What to do
Would you transcribe the records below from the line with "<p>OKÁČ BOJÍNKOVÝ (Melanargia" to the line with "Close-up, and face-on, view", ends included, exactly and with nothing more, leaving the pictures out?

Data under study

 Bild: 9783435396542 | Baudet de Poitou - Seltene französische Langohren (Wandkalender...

* * *

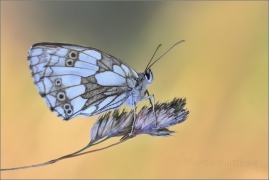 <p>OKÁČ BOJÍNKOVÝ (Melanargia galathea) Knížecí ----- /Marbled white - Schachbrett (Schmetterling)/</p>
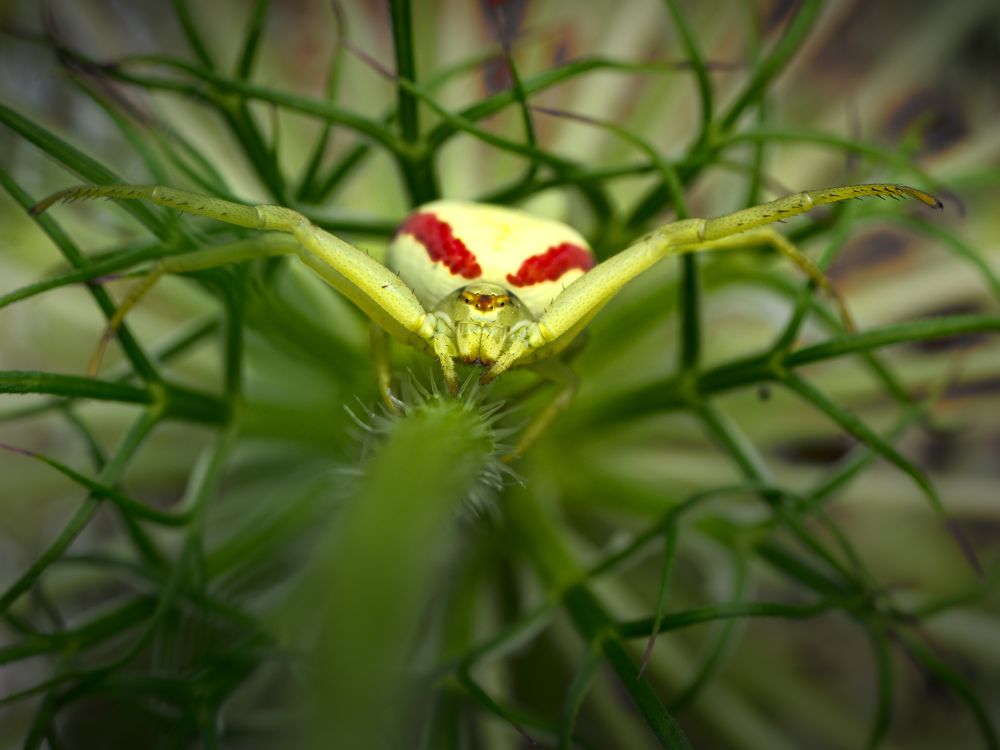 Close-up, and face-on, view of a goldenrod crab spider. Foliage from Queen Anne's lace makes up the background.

Solved problem
 <p>OKÁČ BOJÍNKOVÝ (Melanargia galathea) Knížecí ----- /Marbled white - Schachbrett (Schmetterling)/</p>
 Close-up, and face-on, view of a goldenrod crab spider. Foliage from Queen Anne's lace makes up the background.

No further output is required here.